O dünyaya geldiğinde dört yaşlarındaydım. Abi olmanın ilk gününde hissettiğim bu duygu benim için bir ilkti. Yani sorumluluk...
Aradan birkaç yıl geçtikten sonra ona yeşil ve sarı renkleri olan oyuncak bir kamyon almışlardı. Bende o vesileyle o kamyonun şoförü olmuştum.
Üstüne oturur ve " hadi çek beni hızlı hızlı" diye seslenirdi çünkü. Bende çeker iterdim onu, yani şoförlük yapardım. Zevkliydi!
Aramızdan ne su sızardı ne de sızıyı oluşturacak bir çatlak oluşurdu. Bizde haliyle bazılarınız gibi tartışır, dayanamayıp hemen barışırdık sonra.
Onunla küs kalınmazdı. Mahallede hemen hemen herkes en güzel gözlerin onda olduğunu söylerdi. Yani altın bakışlı çocuğun pırıl pırıl gözlerinden bahsederlerdi.
Överek bitiremezlerdi. Abisi olarak kendisi adına sevinirdim bende. Bir de ilkokulda çektirdiği resimler vardır ki eline alıp baktığında ışıldamaya başlar validenin gözleri bugün hala!...
Aynı giyinir, aynı oyuncakları paylaşır oynardık. Yani eşitliği hissedebiliyor, birlik-beraberlik anlamını onunla o yaşlarda " yaşam pratiği" olarak uyguluyorduk.
Tabi bu kardeşlik birliğine üçüncüsü geldiğinde ben 8 yaşlarındaydım.
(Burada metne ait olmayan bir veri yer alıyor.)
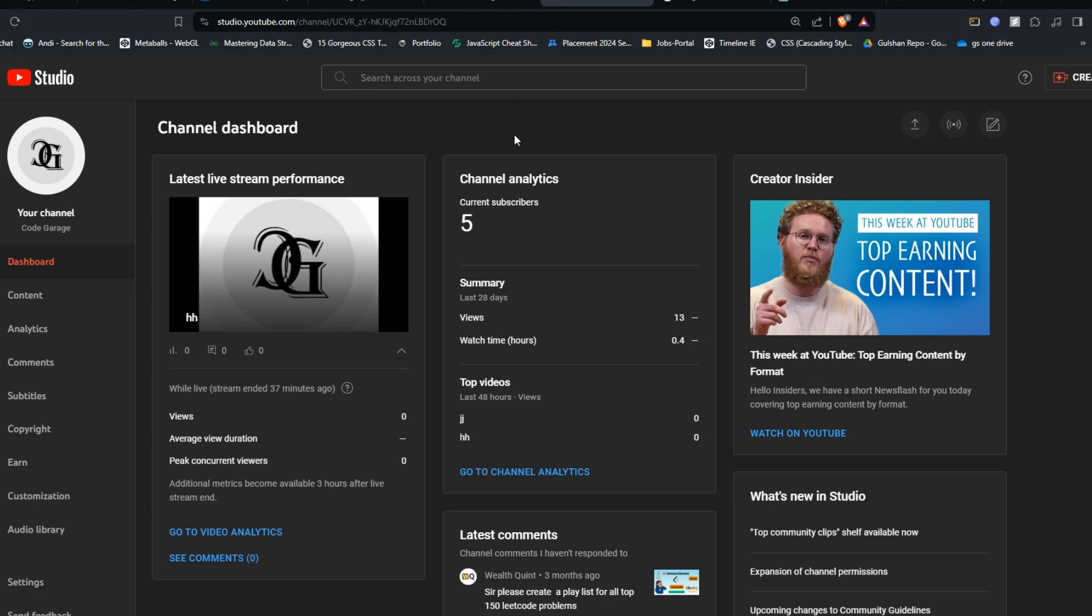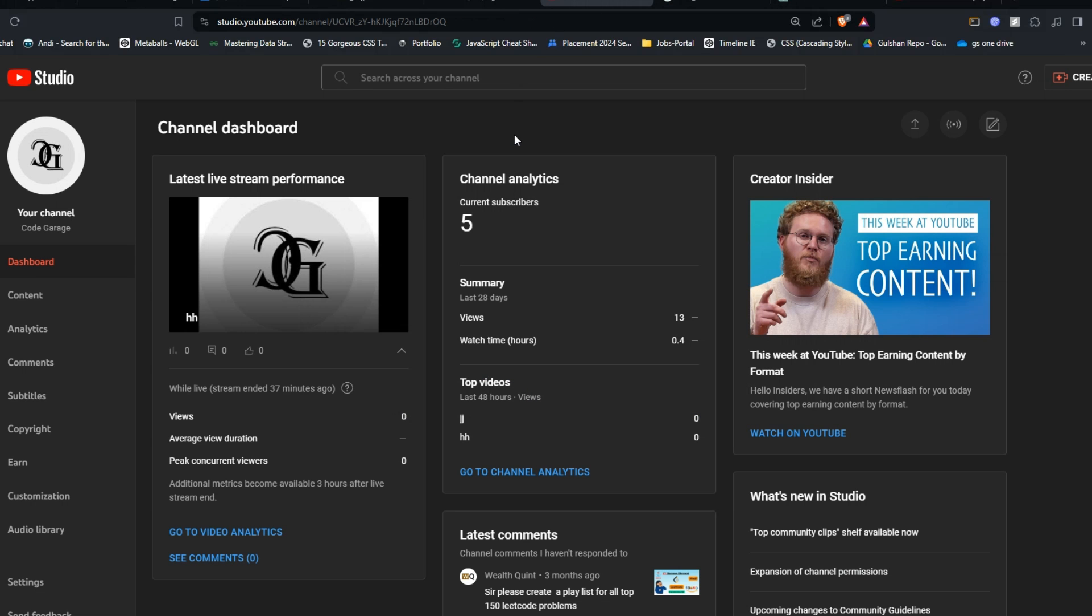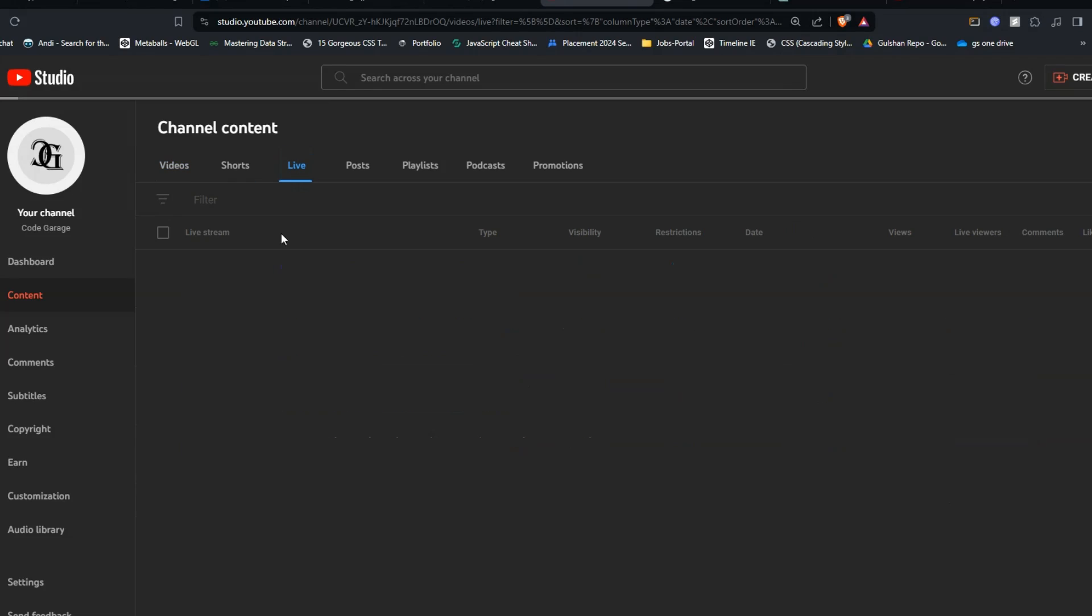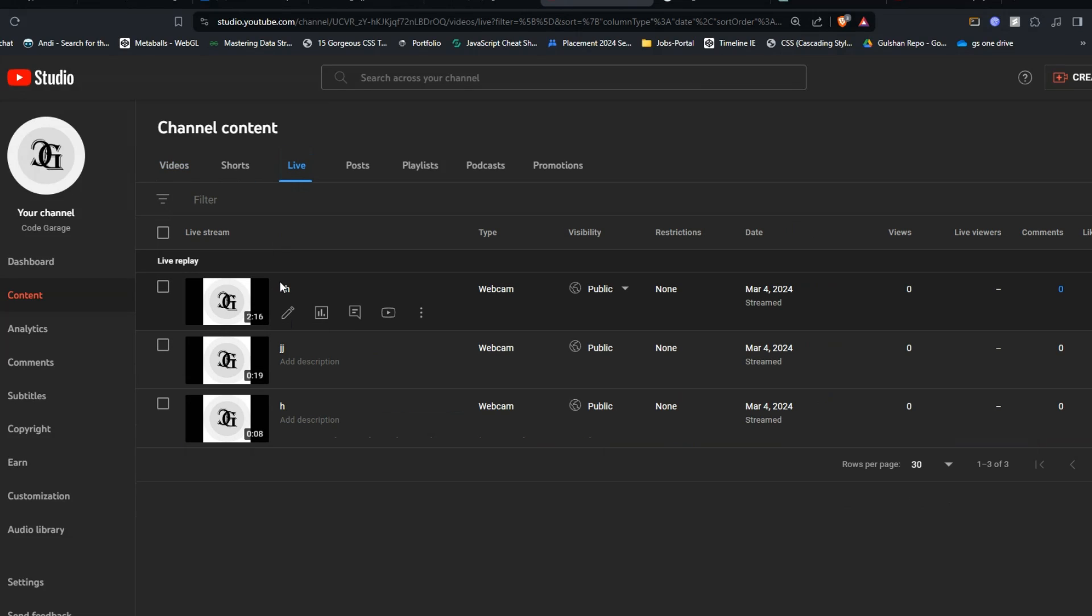First, you have to access your YouTube live dashboard. Here you will see on the left side a content section. In the content section, you see at the top a live button. Then click on it and here you will simply edit your live stream video.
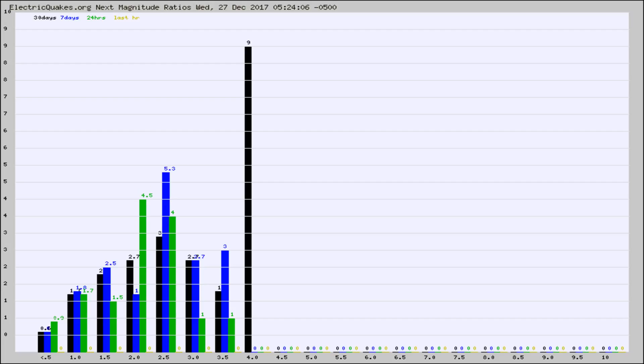Again, the black column is 30 days, blue is 7, green is 24 hours, and gold is in the last hour.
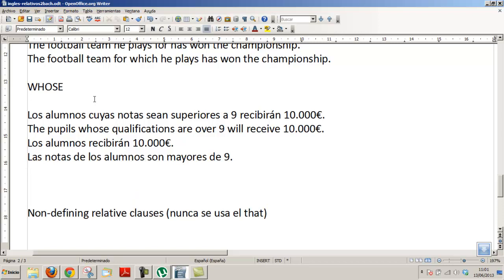So, how would you say: if the student's notes are more than 9 and the student will receive 10,000€, all together? The student's notes — the note of which — there is no subject, there is complement to the name of the note, so it says 'cuyo,' 'cuya.' 'Cuya nota es más de 10,000€.' That is what you have to understand in Spanish, for me at least. Another example.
Kısacası belirli anıların taze tutulması gereklidir. Olayı farklı açıdan izah edeyim:
Dünyada birtakım ve belirli tarihlerde yer alan özel günler vardır. 23 Nisan, Gençlik ve Spor Bayramı, Sevgililer, Anneler ve Babalar günü.
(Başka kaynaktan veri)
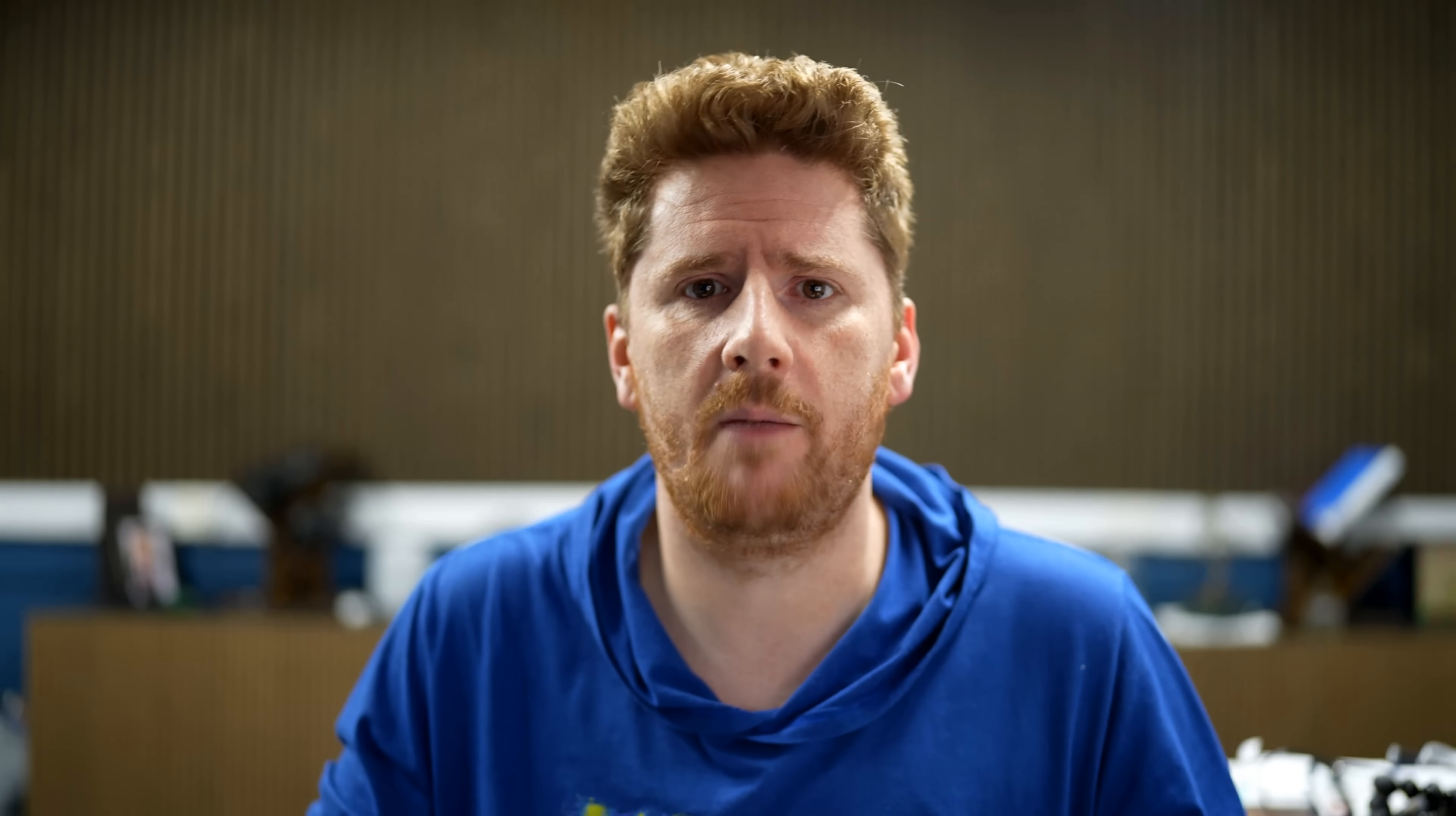But we're not just here to show you that ngrok can make our ingress to our cluster simpler. Although it already has. We haven't configured a cloud load balancer, but our cluster is in the cloud. So what else can ngrok bring to the table? Let's take a look at one example. Rate limiting.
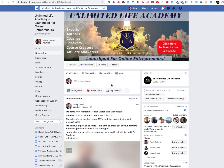Right now on my screen you can see this is my group, the Unlimited Life Academy. If you haven't already, head over to Facebook and join my group where I teach this stuff on a more regular basis and do a lot more live sessions where you can interact with me and ask questions. Make sure you subscribe to this channel, like it, share it, and leave a comment below.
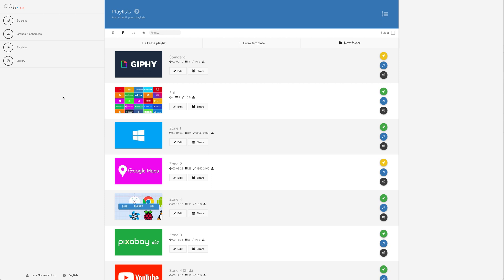In this video, we're taking a closer look at how to add Google Drive content to our playlist. Keep in mind that we offer two methods for adding Google Drive.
Farkındaysanız kardeşlik için düşünülmüş özel bir güne yer verilmemiş. Olmaması,aslında her gün, her saniyenin kardeşlik ilan edilmesi mantığıyla yok sayılmış;ama bunu uygulayanların sayısı oldukça kısıtlı. Hatırlatmak isterim ki resmiyetini ve belgelerini görmek istediğimiz " ispatlama" dünyasında yaşıyoruz!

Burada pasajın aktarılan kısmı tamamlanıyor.